Entre as principais mudanças está o aumento do teto de faturamento anual de R$ 3,6 milhões para R$ 4,8 milhões, o que equivale a uma média mensal de R$ 400 mil (pequenas empresas). Para as microempresas o teto passa de R$ 360 mil para R$ 480 mil e de R$ 60 mil para R$ 81 mil ao ano para as MEIs.

Com estas alterações vem também a elevação da tributação para as empresas que aumentarem o faturamento. Por isso, segundo o consultor tributarista Lucas Ribeiro, da ROIT Consultoria e Contabilidade, será preciso muita atenção nos cálculos para ter certeza se este regime é mais vantajoso ou se será melhor migrar para alguns dos outros dois regimes tributários existentes, como o lucro real e o lucro presumido. A opção errada pode implicar em aumento da carga de impostos.

“A escolha por um regime pode gerar economias expressivas, que permitirão maior competitividade das empresas. Cada caso é um caso, por isso é preciso analisar individualmente as características contábeis e financeiras da empresa”, afirma Lucas Ribeiro. Para a escolha, é necessário analisar o faturamento, a folha de pagamentos, as atividades da empresa, os locais de atuação, etc.

Outra mudança significativa no Simples Nacional é que empresas que antes não podiam se enquadrar no Simples agora poderão optar por este regime, como os micro e pequenos produtores de bebidas alcóolicas, como cervejarias, vinícolas, licores e destilarias. Para tanto, é necessário que estes estejam inscritos no Ministério da Agricultura, Pecuária e Abastecimento.

No novo regime, algumas atividades serão desenquadradas das MEIs, como arquivista de documentos, contador/técnico contábil e personal trainer. Entretanto, os empreendedores rurais poderão fazer parte do MEI a partir de agora.

Outra inovação estabelecida a partir de 2018 é que micro e pequenas empresas poderão ter investidor-anjo, ou seja, um financiador não-sócio. Os aportes podem ser feitos por pessoas físicas ou jurídicas, inclusive fundos de investimento e instituições financeiras, ou mesmo por outras empresas optantes pelo Simples Nacional.
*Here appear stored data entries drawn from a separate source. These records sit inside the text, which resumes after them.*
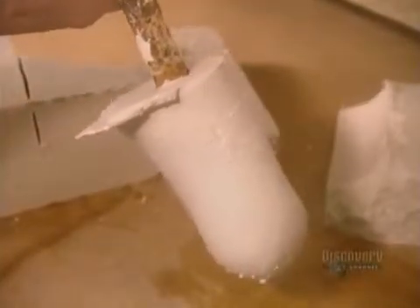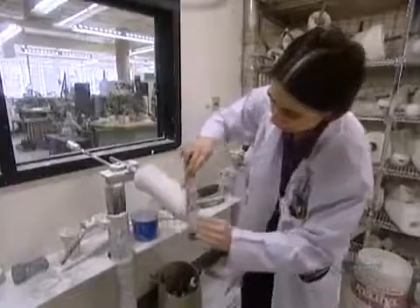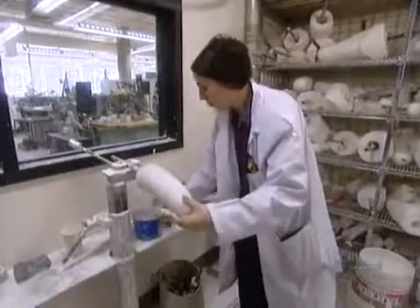Then, using sandpaper and files, they refine and smooth the surface. This plaster copy of the residual limb will now be used as a positive mold to cast the artificial limb.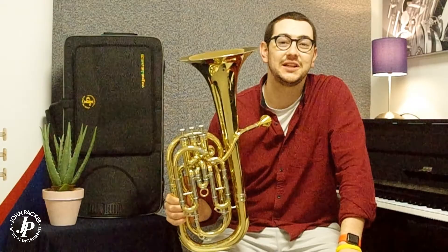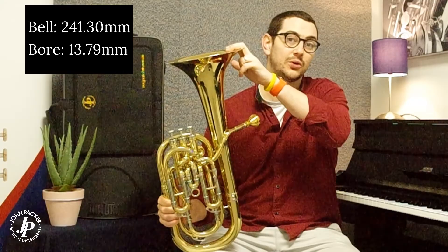Here I have the JP273 Bb baritone horn. I have the lacquered version here, but it is also available in silver plate. This instrument is fully compensating, making the tuning a lot easier. We have three Monell alloy piston valves, a 9.5 inch bell, and a large bore which is 0.543.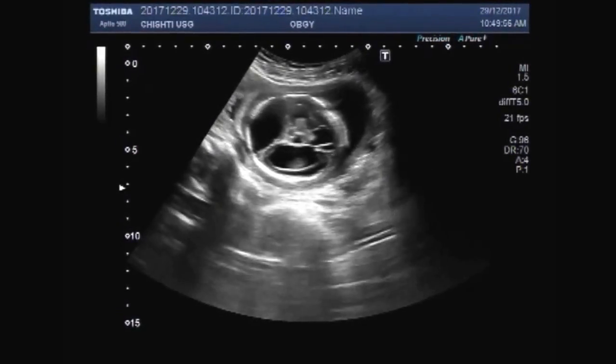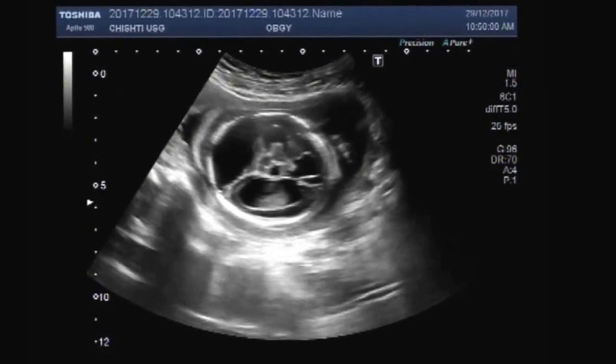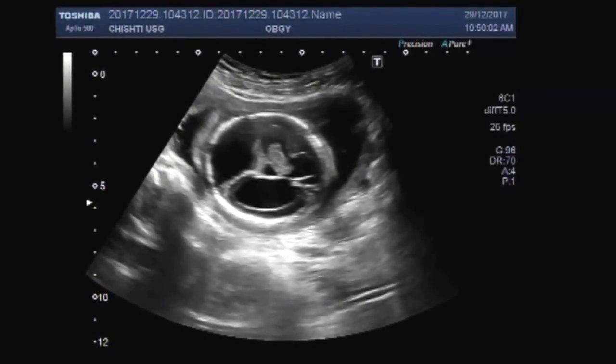You can see the brain ventricles are dilated — both the lateral and third ventricles are dilated, having plenty of fluid inside them. These are the dilated ventricles.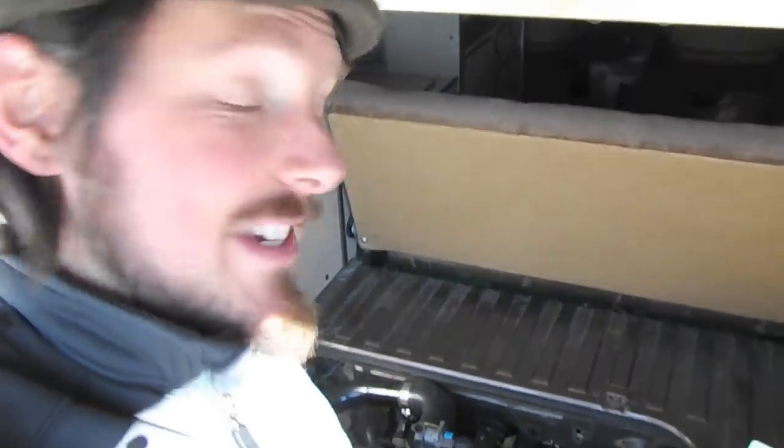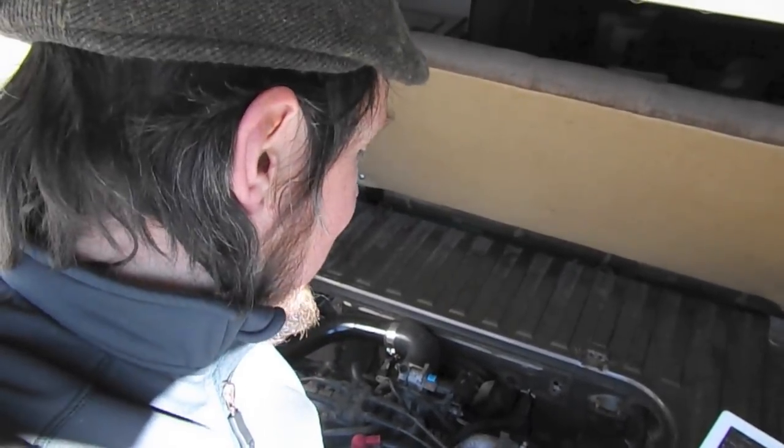You can see it hasn't really been started in the last week or so and it fires right up. It's a good engine and seems to be running well.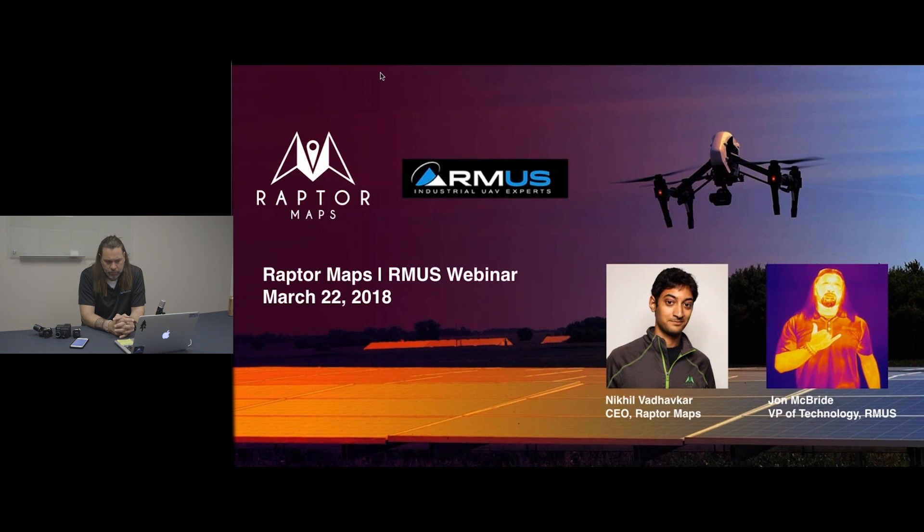The FLIR Duo is also important to mention because it has a color camera associated with it as well. If you look at a thermal image, that's only part of the story. With the color image, you can really get a much better sense of whether this was actually a temperature difference, or if there's some surface property going on that you couldn't tell from the thermal alone — but with a higher resolution color image you can say, 'Ah, that's what's going on,' and you have a much better sense of what to do with that information.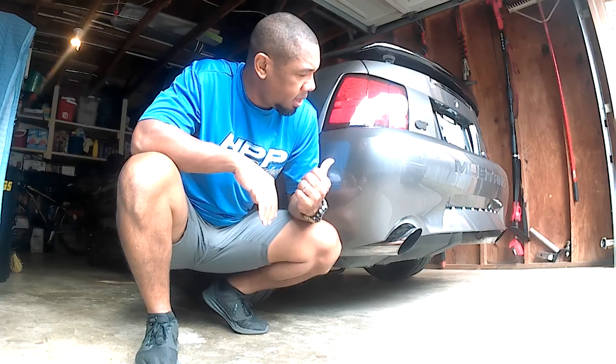This thing is supercharged — it has a Vortech V3 supercharger on it, stage 1 cams, BBK throttle body. It's been tuned by HPP Racing in Garland, Texas. We've got X-pipe exhaust on it, and I went with the black SVT wheels.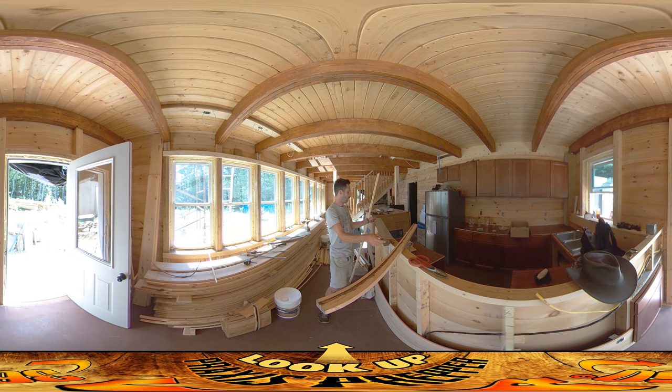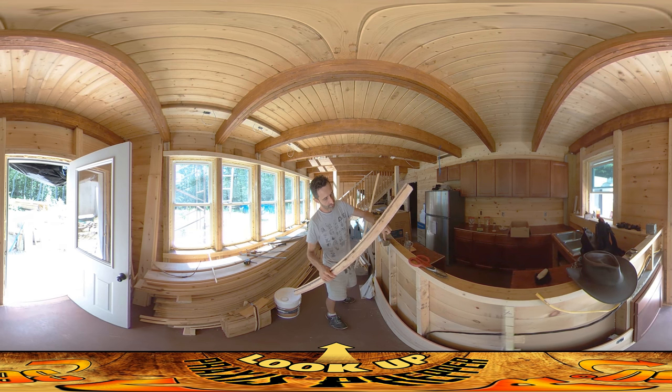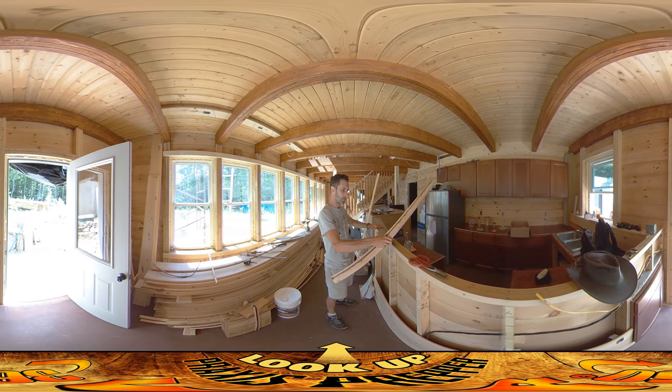I'm going to clamp this in here in this little clamp that I made — a board attached down to this dividing wall. It's got a kind of severe angle so I can pinch it right in there.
O consultor da ROIT orienta para que a opção aos novos regimes seja feita logo em janeiro, devido ao aumento da fiscalização durante o ano de 2018. “Com o e-social, que passa a vigor em janeiro para grandes empresas e a partir de junho para todas, haverá cruzamento de dados entre Receita Federal e demais órgãos federativos. Isso potencializará a fiscalização, por isso será preciso manter as obrigações fiscais em dia para não pagar multas ou sofrer demais sanções”, alerta Lucas Ribeiro.